Federal immigration arrest outside Kane jail was legal, state’s attorney and undersheriff say
Kane County State’s Attorney Jamie Mosser and Undersheriff Amy Johnson reminded people Wednesday that federal immigration agents are allowed to arrest people outside of the county sheriff’s office and courthouses.
She sent out the notice after a video was posted online of two men being arrested Sunday evening after they left the sheriff’s office.
The two men had spent the weekend in jail serving sentences.
A sheriff’s deputy was seen in the video. He was asking about the owner of a lost debit card and was not involved in the federal immigration action, the release said.
The sheriff’s office “did not coordinate in any way with the federal agents who conducted these arrests,” the release said.

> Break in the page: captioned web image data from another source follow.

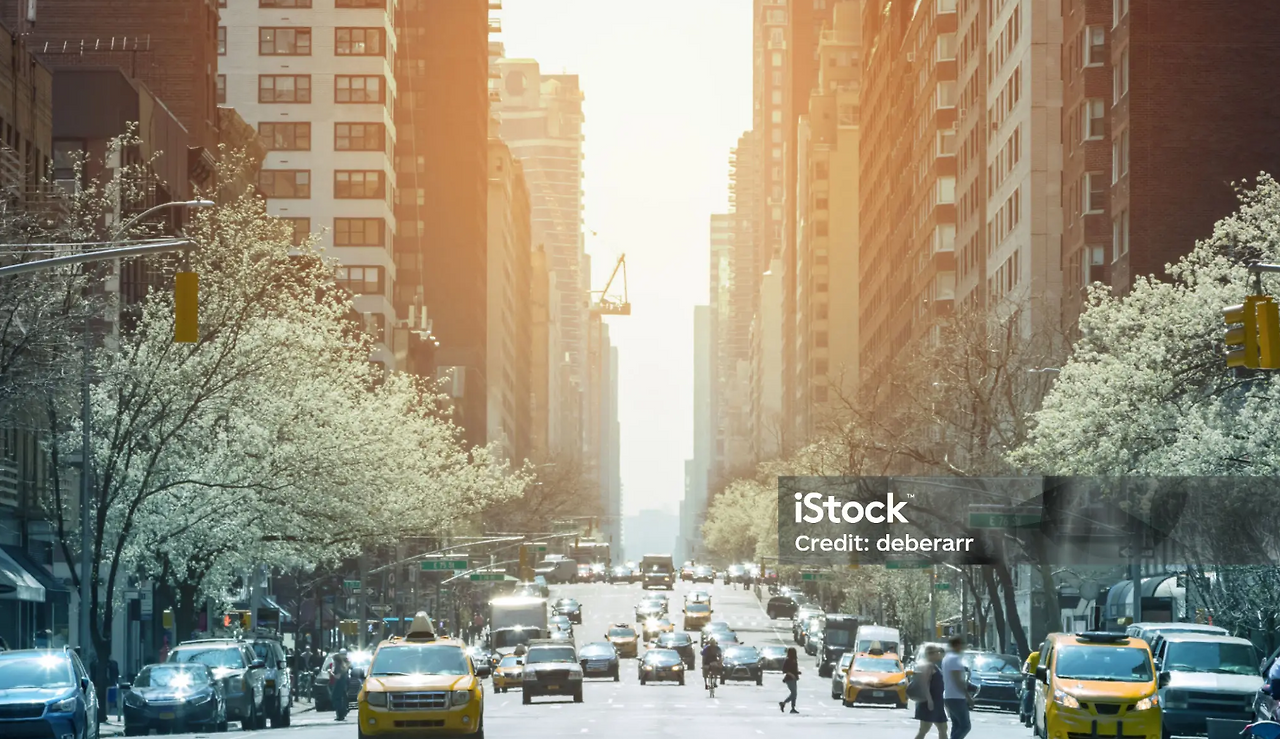 스크린샷 2024-09-30 121105.png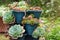Cactus and succulent group in pot outdoor in the garden. Cute desert tropical plant. Various cactus. Lot of cacti plants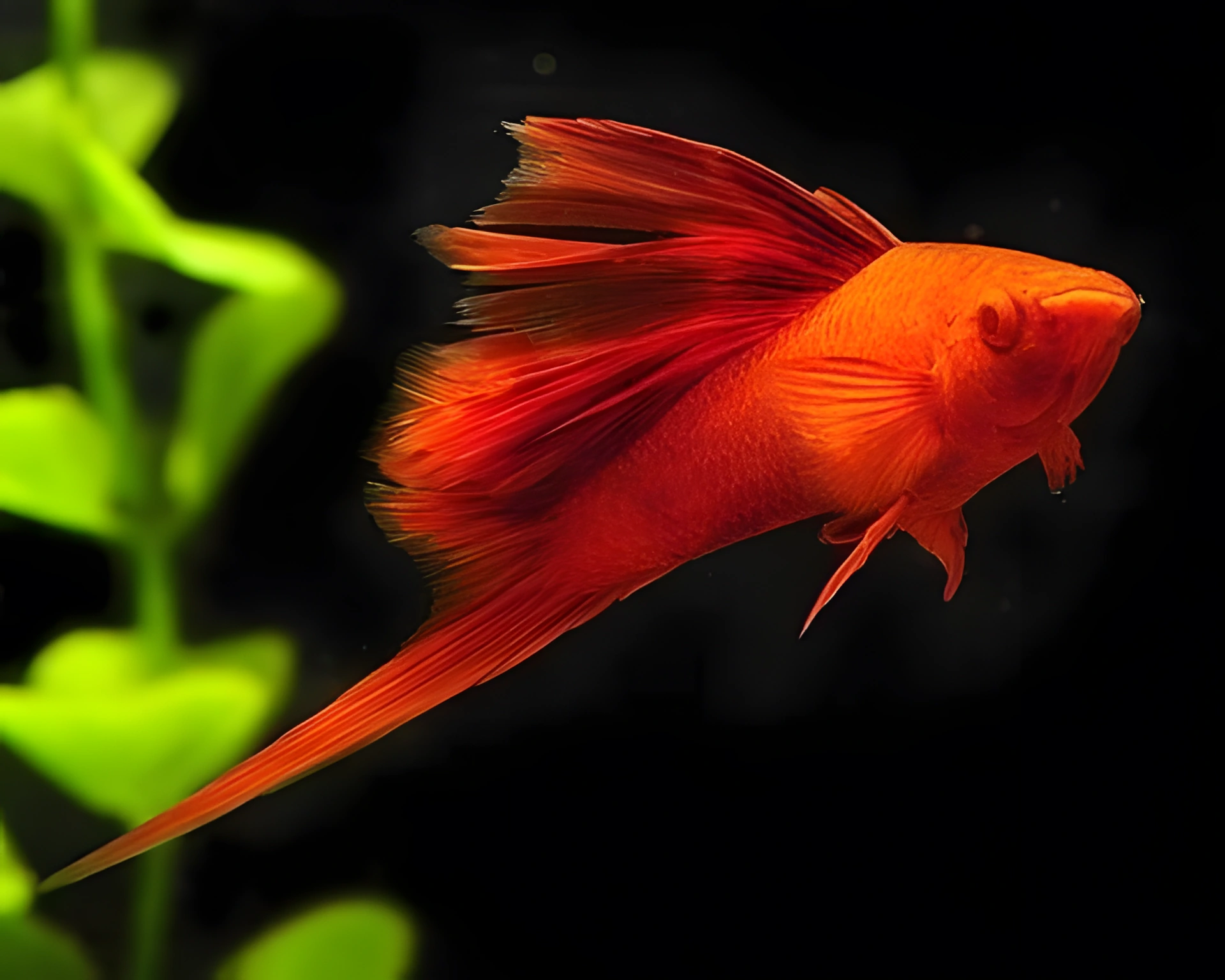 Fotografía del pez de acuario Pez espada de aleta alta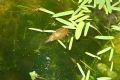Triops cancriformes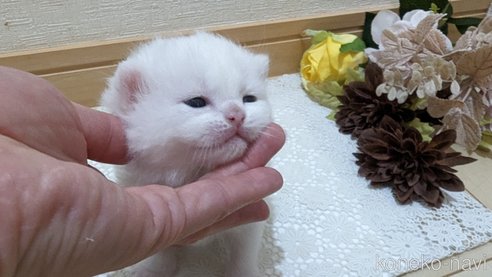 販売中の広島県のその他の猫種-79155の18枚目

State law does not prevent federal criminal arrests. Federal agents can view public court and jail records, and state law does not stop agents from entering public spaces such as the judicial center parking lot, the release said.
Kane County prohibits the use of county property for staging areas, processing sites or operational bases for civil immigration enforcement. Mosser previously had said such bans, adopted by local government bodies, are not enforceable because they violate the Supremacy Clause of the U.S. Constitution.
State law prohibits federal immigration agents from detaining people with civil immigration cases within 1,000 feet of county courthouses, if those people are at the courthouses to conduct business. But the remedy is for those people to sue the federal government, according to the release.